Description of the task:
Beginning with the line that holds "Джинсы IHTWIGGY свободного" and ending with the last line of the entries below, copy every line exactly and nothing else, with the pictures left out.

--- Data provided ---

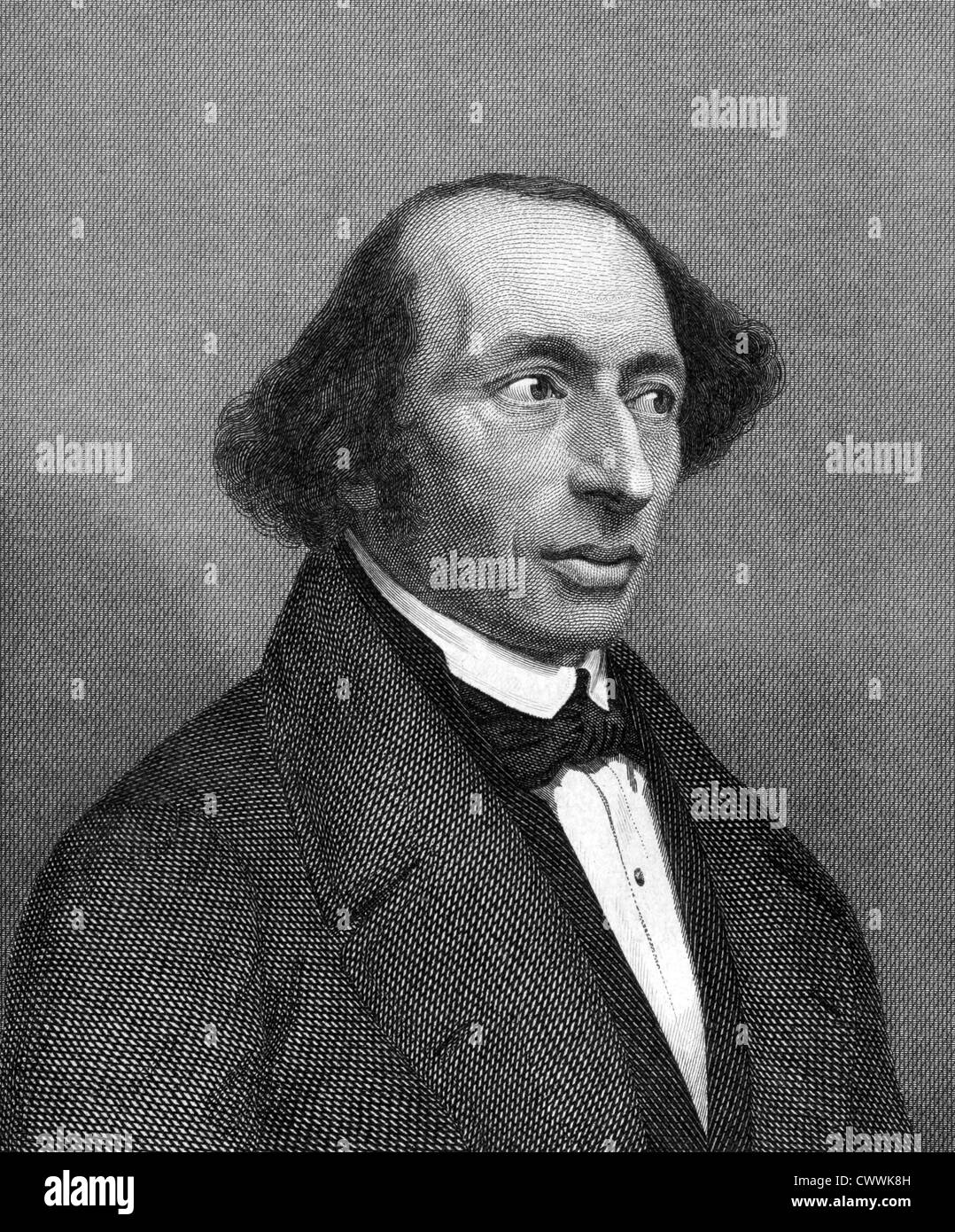 Carl Gustav Jacob Jacobi (1804-1851) auf Kupferstich aus dem Jahr 1859. Deutscher Mathematiker. Stockfoto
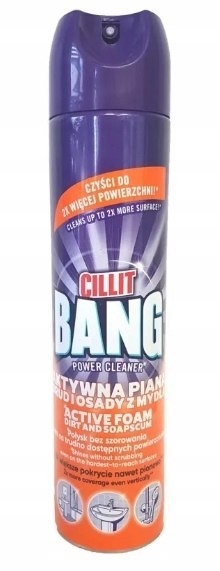 Cillit Bang, Aktywna pianka, pomarańczowa, 600 ml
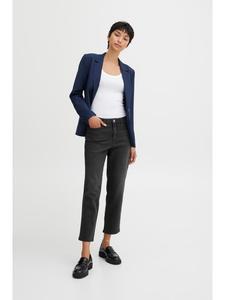 Джинсы IHTWIGGY свободного кроя серого цвета с эффектом потертости ICHI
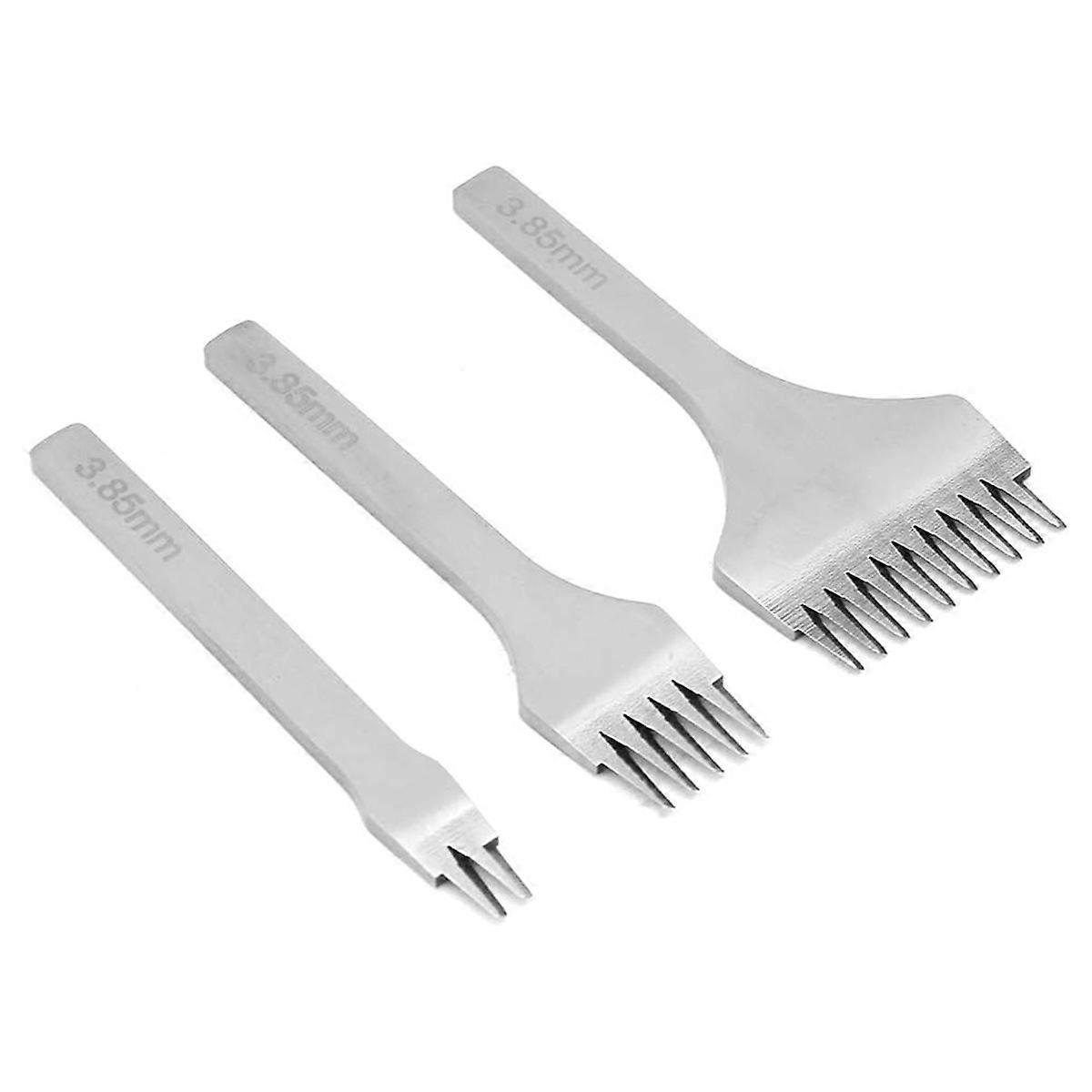 3Pcs Leather Stitching Punch Set 3.85mm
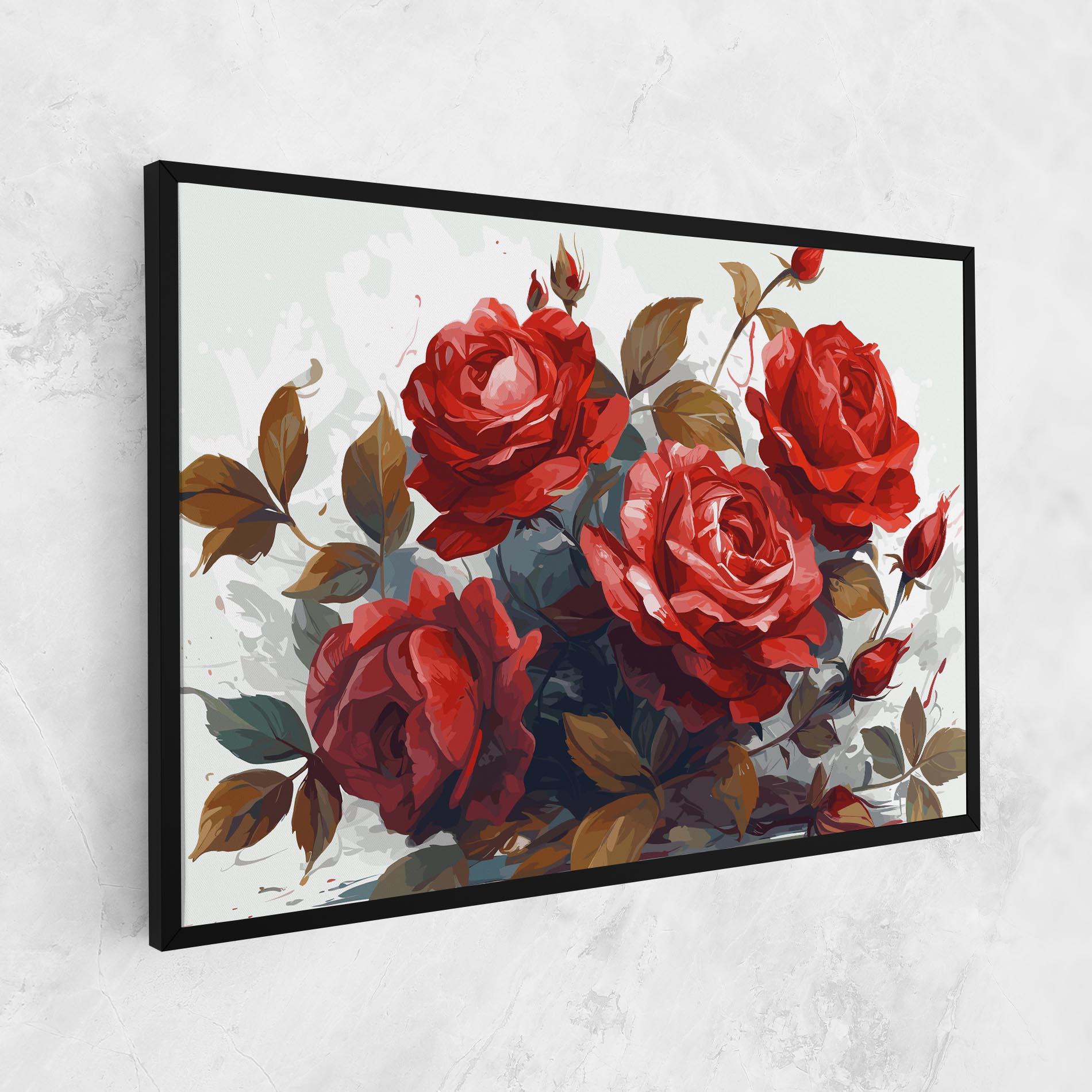Leinwandbild Beautiful Red Roses mockup 1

---

Task result:
 Джинсы IHTWIGGY свободного кроя серого цвета с эффектом потертости ICHI
 3Pcs Leather Stitching Punch Set 3.85mm
Leinwandbild Beautiful Red Roses mockup 1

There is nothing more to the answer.